→ **Work item**:
Your task is to return the listing below word for word, without any of its images.

→ **Given material**:
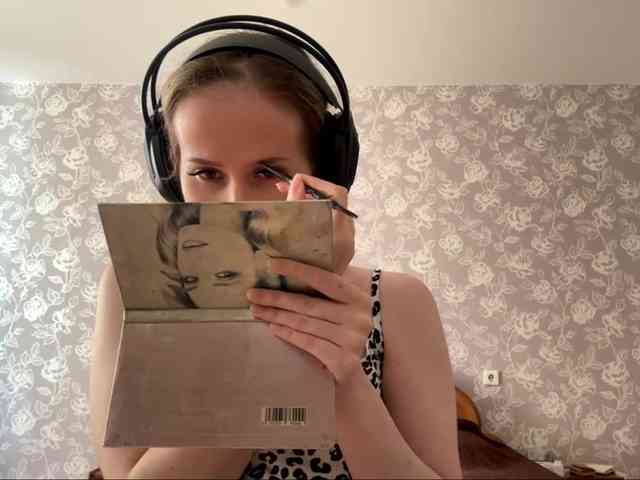 LaceyCockrell webcam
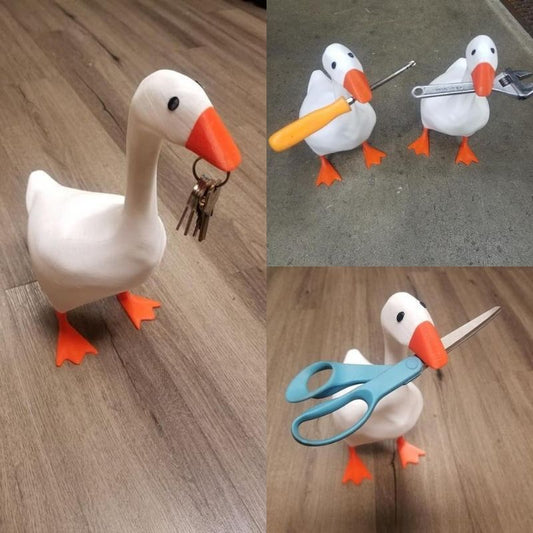 Cute Duck Magnetic Statue Holder for Key Scissors Household Iron Products Resin Decoration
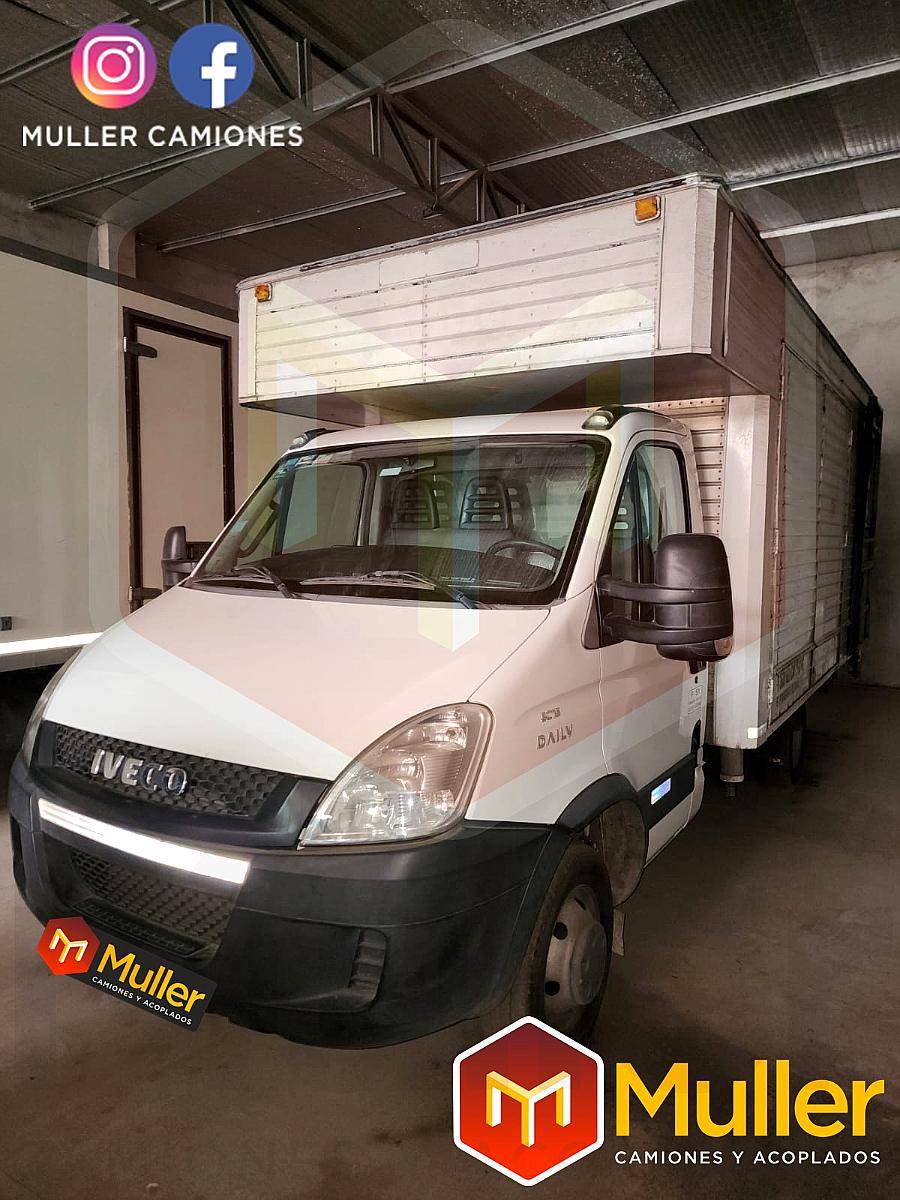Iveco Daily 35c15 Paso 3750 año 2018 con Carroceria
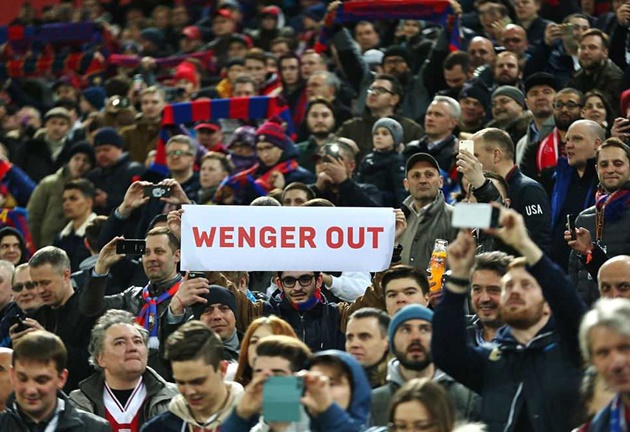 CĐV đòi "tống cổ" Wenger sau màn trình diễn thảm họa trước CSKA Moscow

→ **Answer box**:
 LaceyCockrell webcam
 Cute Duck Magnetic Statue Holder for Key Scissors Household Iron Products Resin Decoration
Iveco Daily 35c15 Paso 3750 año 2018 con Carroceria
 CĐV đòi "tống cổ" Wenger sau màn trình diễn thảm họa trước CSKA Moscow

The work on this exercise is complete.